The zero-trust approach to security has appeared to help healthcare organizations keep  patient and enterprise data safe in these new conditions. Zero trust basically means there is no implicit trust involved, and every request for access to data or applications is validated to make sure who wants access and what for. “Zero-trust network access creates a condition where everything has its own perimeter,” says Jeremy Weiss, executive security strategist for CDW. “This is true for both authorization and authentication.”

Healthcare Has to Face New, More Complexe Threats Every Day

For now, according to the 2021 HIMSS Healthcare Cybersecurity Survey”, only 8 percent of the surveyed healthcare cybersecurity professionals reported they have implemented zero-trust solutions comprehensively (100 percent) across their organization, while others said they implemented said solutions, but to a lesser degree. Zero-trust is still gaining traction within healthcare, the security improvements it offers making it a more and more desired option for health IT teams on a quest for the best way to keep patient data and workloads safe. The main attraction of this solution seems to be simplicity. 

“The real value is that zero trust tends to be software control,” says Buck Bell, who leads CDW’s Global Security Strategy Office. “This simplifies deployment as well as policy management. You can centralize policy and deploy it broadly.”

Security measures such as zero-trust are needed because cybersecurity threats are growing each year, becoming more and more acute. Since cybercriminals are well funded and organized, they are able to carry out more complex and dangerous attacks. Social engineering attacks, for instance, are pinpointing what is important for a specific target and adjust their threat accordingly, to make sure the target either clicks on a link or opens an attachment to activate the attack. 

Since IT attacks, such as ransomware, have become very lucrative, cybercriminals are becoming better and faster by the minute, taking advantage of all and any weak points a system has. For example, within hours of reports in December 2021 of a security flaw in the Log4j2 Java logging library, security professionals observed more than 100 attempts to exploit the vulnerability every minute.

Organizations have to face not only cybercriminals, but also state-sponsored cyberattacks, meant to show any weaknesses within their systems.
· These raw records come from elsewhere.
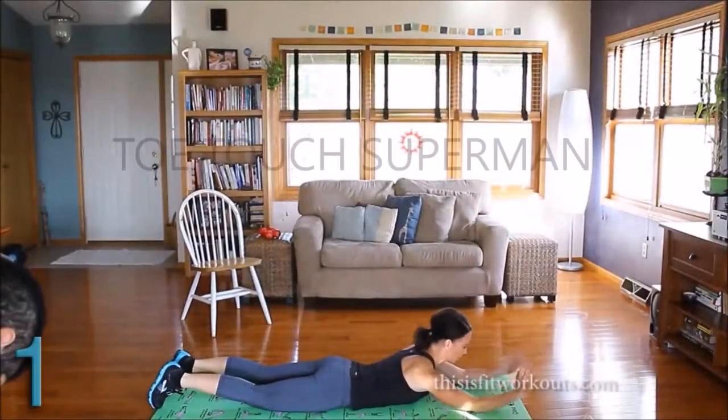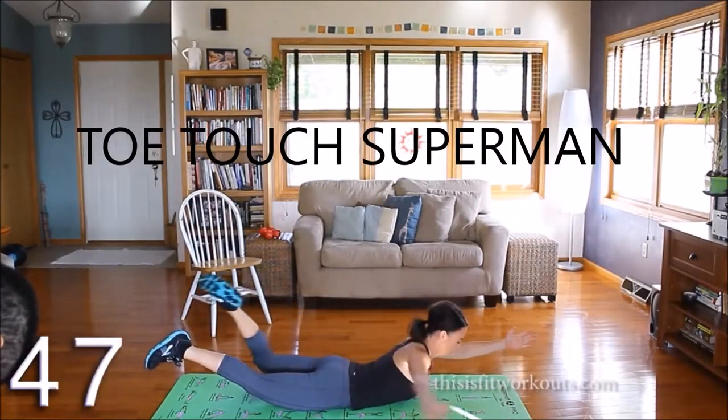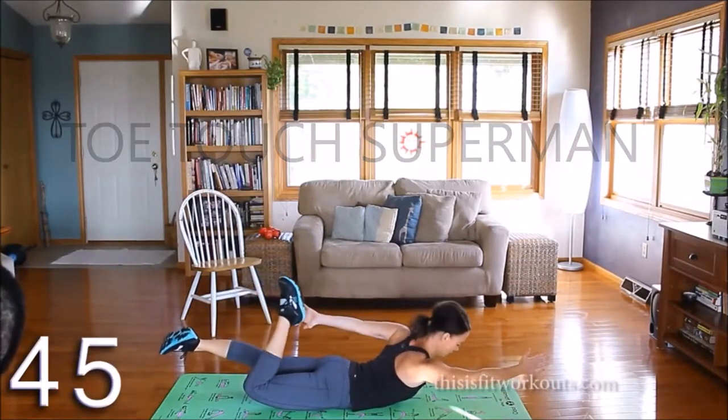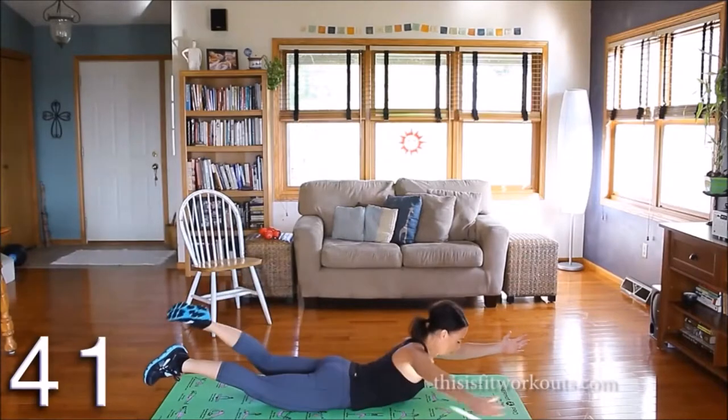Inhale. Thumbs up. Lift. When you reach back, there's a little extra extension, a little extra lift on that upper back.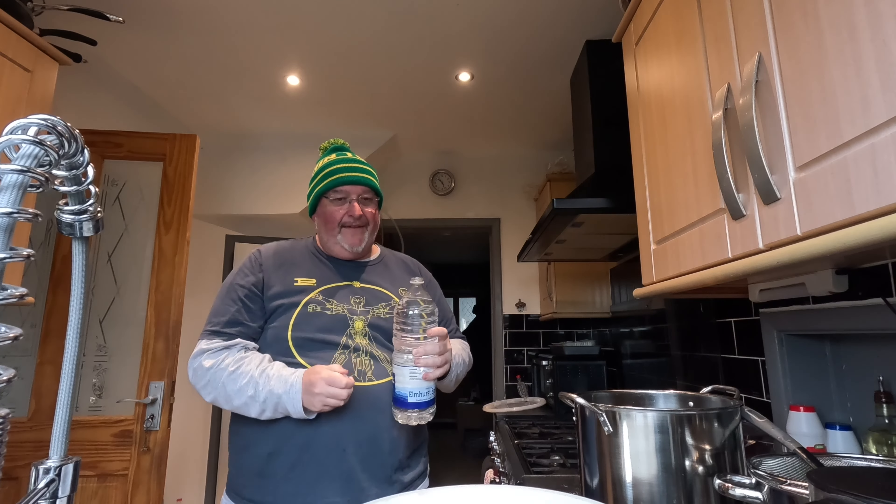I'll pop this in and that'll be all the liquid - I was going to put another five liters of water in and I'm glad I'm not doing that. That is now 21 and a half liters, which is exactly what I want. I'm just going to give it a little stir with my big spoon to make sure there's a consistent ratio of liquids in there for the gravity reading. I don't want there to be layers of different liquids within this.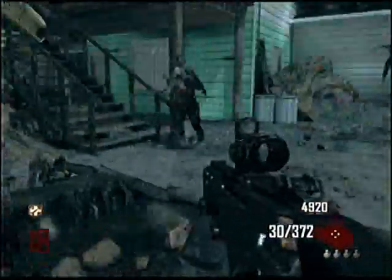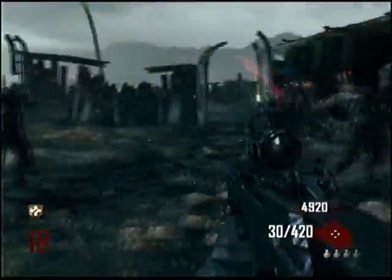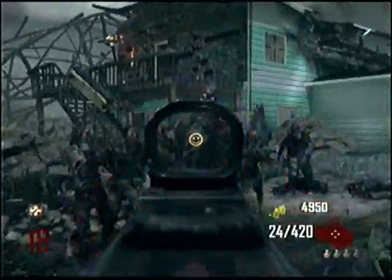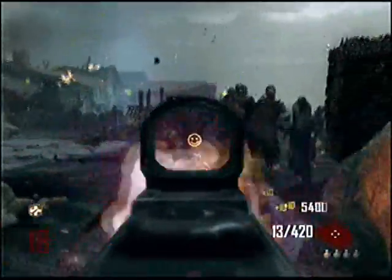That's pretty much it — this gun is okay with the pack-a-punch. I don't know how I have a .420 when it started with .360, but that's pretty much it; it's okay with the pack-a-punched.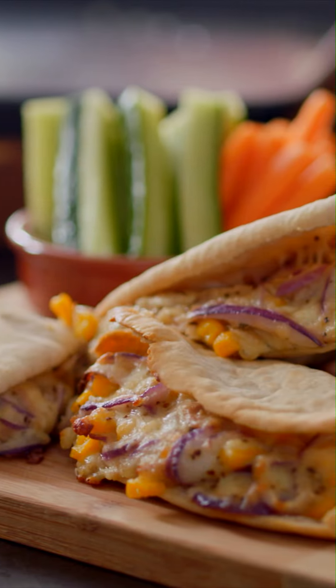Tuna melt pitas. Posh warm sandwich. Start to finish in 15 minutes.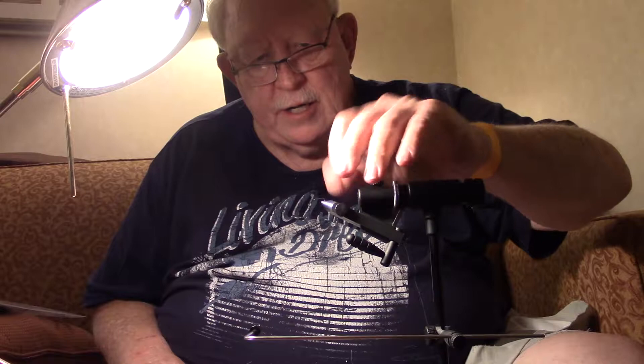Hello, I'm Gary Hitterman, a friend of Sean's West. He asked that I do another tying video, and what I'm going to make is a little Goddard caddis.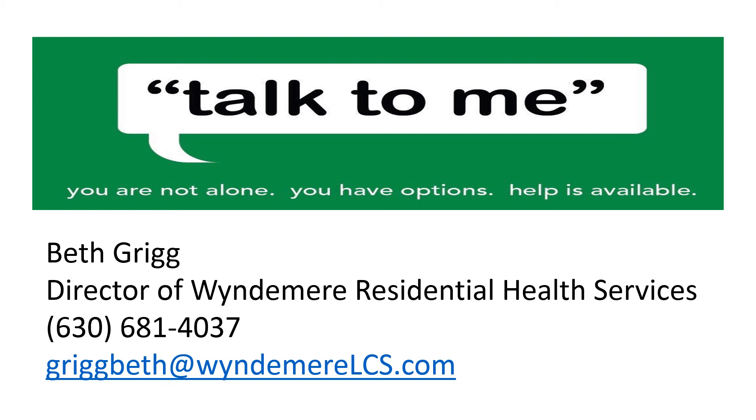Thank you for attending this presentation. I hope you found the information to be valuable. If you have further questions or want to discuss your options related to arthritis management, come talk to me. I have an open-door policy — you can stop down to Residential Health Services anytime, call me at 630-681-4037, or email me at gregbeth@windermerelcs.com. Remember, you are not alone. You have options. We are here to support you. Goodbye for now and best wishes.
Well funded, trained and coordinated, government-backed hackers try to compromise data and applications. 

Cybercriminals are getting better and faster computers, while using cloud-based tools such as Ransomware as a Service, so they become not only better in their attacks, but also in covering their tracks. 

What Can Be Done to Keep Patient Data Safe

In order to be prepared to face these threats, healthcare organizations have to become better  at cyberdefense, zero-trust being an important part of the protection strategy. 

In the effort to implement zero-trust, there are some simple steps healthcare organizations can take to get the process started. The current security situation the organization is in needs to be assessed first, to help executives and IT professionals understand which are the weak spots, how to prioritize securing them and which security controls are already in place.

Then, another main element of the zero-trust initiatives is to clearly verify a user’s identity. In order to be able to do that, many organizations implement multifactor authentication tools, as well as security controls to check user behavior.

“Organizations should have a clear picture of who has access to what data at any given time,” Weiss says. “This is a major challenge.”

The zero-trust solution to improve system security means enforcing security policies concerning services and applications, and using encryption and microsegmentation, while increasing flexibility to help healthcare organizations face ever increasing cybersecurity threats. And even though foreseeing every threat is impossible, as Weiss says, “zero trust is important because it helps prevent lateral movement by threats”, in a security environment where one can rarely avoid unauthorized access to some assets, which makes these controls essential to ensure cybercriminals cannot easily move inside an organization’s network.